Given data:
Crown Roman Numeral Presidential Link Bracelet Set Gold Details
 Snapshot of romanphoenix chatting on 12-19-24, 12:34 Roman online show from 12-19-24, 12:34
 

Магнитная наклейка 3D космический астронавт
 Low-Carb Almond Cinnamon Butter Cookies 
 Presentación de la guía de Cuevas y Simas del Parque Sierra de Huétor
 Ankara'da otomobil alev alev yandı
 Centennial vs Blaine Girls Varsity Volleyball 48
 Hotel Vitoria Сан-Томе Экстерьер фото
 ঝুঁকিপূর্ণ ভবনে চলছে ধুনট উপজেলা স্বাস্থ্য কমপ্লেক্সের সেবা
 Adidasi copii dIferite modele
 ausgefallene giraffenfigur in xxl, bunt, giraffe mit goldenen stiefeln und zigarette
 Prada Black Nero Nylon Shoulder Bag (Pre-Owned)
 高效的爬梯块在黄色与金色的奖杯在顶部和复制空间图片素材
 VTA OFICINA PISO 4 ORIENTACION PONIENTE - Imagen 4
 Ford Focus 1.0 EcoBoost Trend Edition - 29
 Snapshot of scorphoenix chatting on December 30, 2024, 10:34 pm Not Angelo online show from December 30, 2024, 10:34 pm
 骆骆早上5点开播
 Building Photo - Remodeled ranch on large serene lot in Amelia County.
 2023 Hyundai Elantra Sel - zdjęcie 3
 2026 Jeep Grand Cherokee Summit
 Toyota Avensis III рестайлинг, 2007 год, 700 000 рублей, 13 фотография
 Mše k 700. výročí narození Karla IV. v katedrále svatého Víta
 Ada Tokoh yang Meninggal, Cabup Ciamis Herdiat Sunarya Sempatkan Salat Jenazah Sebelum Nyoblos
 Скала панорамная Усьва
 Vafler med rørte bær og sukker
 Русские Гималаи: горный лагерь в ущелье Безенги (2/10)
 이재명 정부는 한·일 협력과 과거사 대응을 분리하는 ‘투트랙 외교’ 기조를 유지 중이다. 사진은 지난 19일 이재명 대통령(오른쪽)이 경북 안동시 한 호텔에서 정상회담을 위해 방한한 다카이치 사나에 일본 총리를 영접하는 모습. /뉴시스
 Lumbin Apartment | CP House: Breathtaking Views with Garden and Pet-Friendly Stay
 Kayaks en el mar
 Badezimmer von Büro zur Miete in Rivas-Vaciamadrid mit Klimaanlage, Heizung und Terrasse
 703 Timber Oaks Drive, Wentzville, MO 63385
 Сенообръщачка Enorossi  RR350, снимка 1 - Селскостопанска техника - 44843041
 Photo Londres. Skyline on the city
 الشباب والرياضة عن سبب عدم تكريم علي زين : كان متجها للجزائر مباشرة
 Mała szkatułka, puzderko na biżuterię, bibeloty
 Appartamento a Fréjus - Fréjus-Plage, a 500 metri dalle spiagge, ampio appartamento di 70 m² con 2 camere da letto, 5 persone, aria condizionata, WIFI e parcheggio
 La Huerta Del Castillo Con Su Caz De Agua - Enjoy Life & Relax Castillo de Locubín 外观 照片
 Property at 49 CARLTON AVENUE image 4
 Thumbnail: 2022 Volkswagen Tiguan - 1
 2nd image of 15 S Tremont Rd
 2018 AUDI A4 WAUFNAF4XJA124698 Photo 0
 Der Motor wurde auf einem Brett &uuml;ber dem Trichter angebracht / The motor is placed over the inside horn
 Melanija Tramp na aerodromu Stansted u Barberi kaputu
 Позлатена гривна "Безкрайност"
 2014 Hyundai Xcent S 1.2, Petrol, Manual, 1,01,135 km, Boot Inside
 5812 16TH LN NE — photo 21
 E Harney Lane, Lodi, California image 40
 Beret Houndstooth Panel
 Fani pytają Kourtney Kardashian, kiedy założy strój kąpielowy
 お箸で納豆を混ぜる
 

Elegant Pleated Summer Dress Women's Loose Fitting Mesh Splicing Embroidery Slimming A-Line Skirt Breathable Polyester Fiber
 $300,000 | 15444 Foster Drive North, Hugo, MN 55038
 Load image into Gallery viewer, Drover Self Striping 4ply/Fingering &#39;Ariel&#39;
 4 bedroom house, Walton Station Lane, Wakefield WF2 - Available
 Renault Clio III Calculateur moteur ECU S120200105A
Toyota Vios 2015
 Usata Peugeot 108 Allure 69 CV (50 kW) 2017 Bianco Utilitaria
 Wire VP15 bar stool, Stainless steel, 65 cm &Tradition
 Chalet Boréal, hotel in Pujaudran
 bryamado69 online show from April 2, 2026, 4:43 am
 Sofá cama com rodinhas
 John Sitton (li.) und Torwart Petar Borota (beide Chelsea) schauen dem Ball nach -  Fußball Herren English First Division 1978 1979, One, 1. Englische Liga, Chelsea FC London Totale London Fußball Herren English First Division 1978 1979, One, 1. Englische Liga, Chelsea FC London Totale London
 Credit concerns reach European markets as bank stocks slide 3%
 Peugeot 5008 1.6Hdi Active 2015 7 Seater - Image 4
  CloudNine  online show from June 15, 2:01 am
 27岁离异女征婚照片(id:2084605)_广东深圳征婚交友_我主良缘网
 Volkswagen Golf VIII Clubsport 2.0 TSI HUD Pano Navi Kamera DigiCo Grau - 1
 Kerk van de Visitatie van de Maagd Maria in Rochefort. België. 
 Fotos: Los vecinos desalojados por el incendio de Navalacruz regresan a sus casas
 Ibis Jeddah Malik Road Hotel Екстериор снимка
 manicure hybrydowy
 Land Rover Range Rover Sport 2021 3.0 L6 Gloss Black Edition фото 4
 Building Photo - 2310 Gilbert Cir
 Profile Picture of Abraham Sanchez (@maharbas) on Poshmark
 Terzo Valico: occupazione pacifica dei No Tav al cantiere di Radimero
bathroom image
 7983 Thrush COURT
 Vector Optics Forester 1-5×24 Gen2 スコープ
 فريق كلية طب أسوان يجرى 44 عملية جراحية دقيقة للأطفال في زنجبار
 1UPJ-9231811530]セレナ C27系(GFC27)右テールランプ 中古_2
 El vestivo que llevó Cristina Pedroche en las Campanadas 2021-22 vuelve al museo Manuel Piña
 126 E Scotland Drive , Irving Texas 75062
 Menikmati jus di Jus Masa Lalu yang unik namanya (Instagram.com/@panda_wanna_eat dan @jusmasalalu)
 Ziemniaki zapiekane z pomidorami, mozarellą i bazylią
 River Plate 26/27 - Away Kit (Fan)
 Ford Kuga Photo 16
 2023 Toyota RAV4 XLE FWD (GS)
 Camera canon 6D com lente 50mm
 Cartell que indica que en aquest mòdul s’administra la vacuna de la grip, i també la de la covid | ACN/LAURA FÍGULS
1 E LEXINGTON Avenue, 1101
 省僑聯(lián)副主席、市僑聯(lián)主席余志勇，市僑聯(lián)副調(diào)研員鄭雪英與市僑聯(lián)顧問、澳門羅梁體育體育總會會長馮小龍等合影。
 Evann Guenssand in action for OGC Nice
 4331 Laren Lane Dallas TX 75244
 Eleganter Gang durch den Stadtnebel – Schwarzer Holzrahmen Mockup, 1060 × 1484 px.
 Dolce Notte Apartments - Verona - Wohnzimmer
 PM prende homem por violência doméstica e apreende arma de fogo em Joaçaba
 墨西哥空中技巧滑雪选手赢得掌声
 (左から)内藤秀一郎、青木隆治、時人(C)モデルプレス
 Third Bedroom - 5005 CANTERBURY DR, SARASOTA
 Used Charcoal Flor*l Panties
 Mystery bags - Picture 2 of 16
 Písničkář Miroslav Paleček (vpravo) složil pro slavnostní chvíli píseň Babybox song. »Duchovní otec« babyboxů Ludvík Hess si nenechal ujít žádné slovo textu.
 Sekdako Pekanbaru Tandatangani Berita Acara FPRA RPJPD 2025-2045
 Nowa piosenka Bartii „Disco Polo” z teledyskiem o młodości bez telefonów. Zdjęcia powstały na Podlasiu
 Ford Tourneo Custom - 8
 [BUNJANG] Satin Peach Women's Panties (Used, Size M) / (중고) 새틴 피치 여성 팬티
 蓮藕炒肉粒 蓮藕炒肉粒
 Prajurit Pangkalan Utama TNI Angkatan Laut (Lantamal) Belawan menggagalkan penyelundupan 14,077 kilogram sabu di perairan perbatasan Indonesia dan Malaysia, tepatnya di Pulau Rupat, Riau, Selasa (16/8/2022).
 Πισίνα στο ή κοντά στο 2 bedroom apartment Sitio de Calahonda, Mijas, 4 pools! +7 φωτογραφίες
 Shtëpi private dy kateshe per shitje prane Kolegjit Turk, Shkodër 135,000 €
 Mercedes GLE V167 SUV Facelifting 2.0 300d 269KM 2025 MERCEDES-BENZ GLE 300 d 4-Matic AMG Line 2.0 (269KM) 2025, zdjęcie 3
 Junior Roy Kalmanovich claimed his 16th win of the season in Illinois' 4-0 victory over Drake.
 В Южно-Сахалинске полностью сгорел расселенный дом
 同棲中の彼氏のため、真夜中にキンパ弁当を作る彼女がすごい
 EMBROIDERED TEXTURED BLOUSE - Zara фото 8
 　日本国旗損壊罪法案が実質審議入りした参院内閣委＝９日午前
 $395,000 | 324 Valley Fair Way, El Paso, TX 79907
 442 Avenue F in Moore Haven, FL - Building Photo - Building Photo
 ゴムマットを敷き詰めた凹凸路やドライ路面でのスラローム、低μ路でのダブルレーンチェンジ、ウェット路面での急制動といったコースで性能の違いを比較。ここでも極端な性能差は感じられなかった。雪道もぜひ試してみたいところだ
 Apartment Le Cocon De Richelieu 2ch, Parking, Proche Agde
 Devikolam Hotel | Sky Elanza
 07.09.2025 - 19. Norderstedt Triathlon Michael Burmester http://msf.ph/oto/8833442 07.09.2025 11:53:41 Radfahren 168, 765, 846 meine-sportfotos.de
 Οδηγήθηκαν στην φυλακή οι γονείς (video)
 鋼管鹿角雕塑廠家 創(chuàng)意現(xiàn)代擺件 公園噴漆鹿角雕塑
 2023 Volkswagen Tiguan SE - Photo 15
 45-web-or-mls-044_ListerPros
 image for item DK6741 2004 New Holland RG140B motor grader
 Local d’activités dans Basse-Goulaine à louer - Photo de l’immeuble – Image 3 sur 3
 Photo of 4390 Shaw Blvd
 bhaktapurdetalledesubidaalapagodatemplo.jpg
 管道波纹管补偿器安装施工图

Work to be completed: Up to and including the line with "ausgefallene giraffenfigur in", transcribe the entries above exactly, starting from their first line.

Problem solution:
Crown Roman Numeral Presidential Link Bracelet Set Gold Details
 Snapshot of romanphoenix chatting on 12-19-24, 12:34 Roman online show from 12-19-24, 12:34
 

Магнитная наклейка 3D космический астронавт
 Low-Carb Almond Cinnamon Butter Cookies 
 Presentación de la guía de Cuevas y Simas del Parque Sierra de Huétor
 Ankara'da otomobil alev alev yandı
 Centennial vs Blaine Girls Varsity Volleyball 48
 Hotel Vitoria Сан-Томе Экстерьер фото
 ঝুঁকিপূর্ণ ভবনে চলছে ধুনট উপজেলা স্বাস্থ্য কমপ্লেক্সের সেবা
 Adidasi copii dIferite modele
 ausgefallene giraffenfigur in xxl, bunt, giraffe mit goldenen stiefeln und zigarette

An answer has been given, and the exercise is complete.